Let $C$ a smooth projective integral curve of genus $5$. Suppose that it is not hyperelliptic, so that the canonical map $$|\omega_C|:C\to \mathbb{P}^4$$ is a closed embedding. Then $C$ can be represented as an intersection of three smooth quadric hypersufaces of $\mathbb{P}^4$.
We have that $\deg(\omega_C)=8$. So $h^0(C,\omega_C^{\otimes}2)=\deg(\omega_C^{\otimes}2)+1-g=12$ by Riemann-Roch. But $h^0(\mathbb{P}^4, \mathcal{O}_{\mathbb{P}^4}(2))=15$, it follows that there are $3$ linearly independent quadric surfaces containing $C$. Call them $X_1,X_2,X_3$. If $\dim (X_1\cap X_2\cap X_3)=1$ then by degree's consideration it easily follows that $C=X_1\cap X_2\cap X_3$. The $\textbf{Question}$ is: is it always the case?
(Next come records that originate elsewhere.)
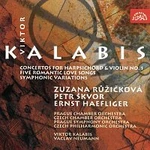 Různí interpreti – Kalabis: Koncert pro cembalo a smyčcové nástroje, Koncert pro housle a orchestr, Písně na Rilkeho texty, Symfonické variace
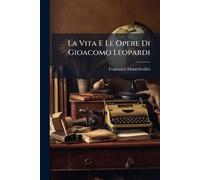 La Vita E Le Opere Di Gioacomo Leopardi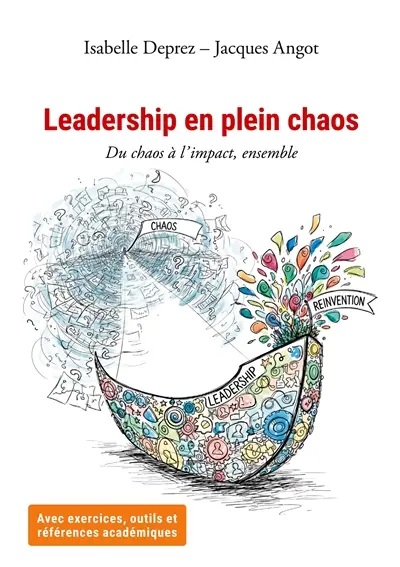 Leadership en plein chaos : Du chaos à l'impact, ensemble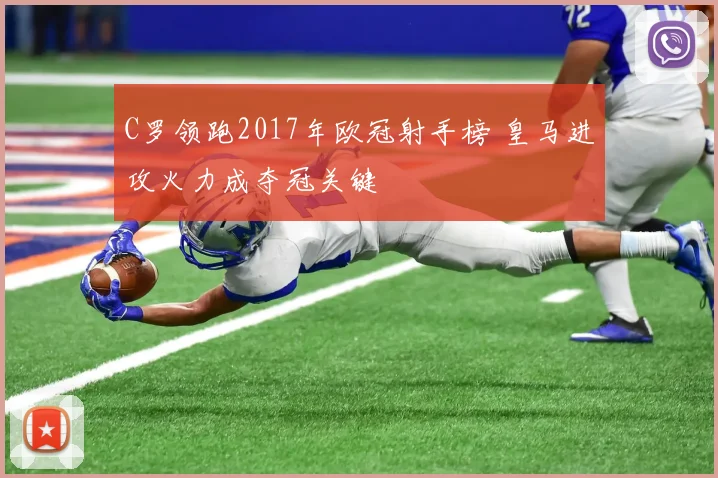 C罗领跑2017年欧冠射手榜 皇马进攻火力成夺冠关键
Why is not possible that the dimension of the intersection is bigger?
By Enriques-Babbage theorem the canonical (non-hyperelliptic) curve is an intersection of quadrics unless it is trigonal or a plane quintic. So, in case of $g = 5$ you need to assume $C$ is not trigonal.
In the trigonal case the intersection of quadrics through $C$ is a cubic scroll.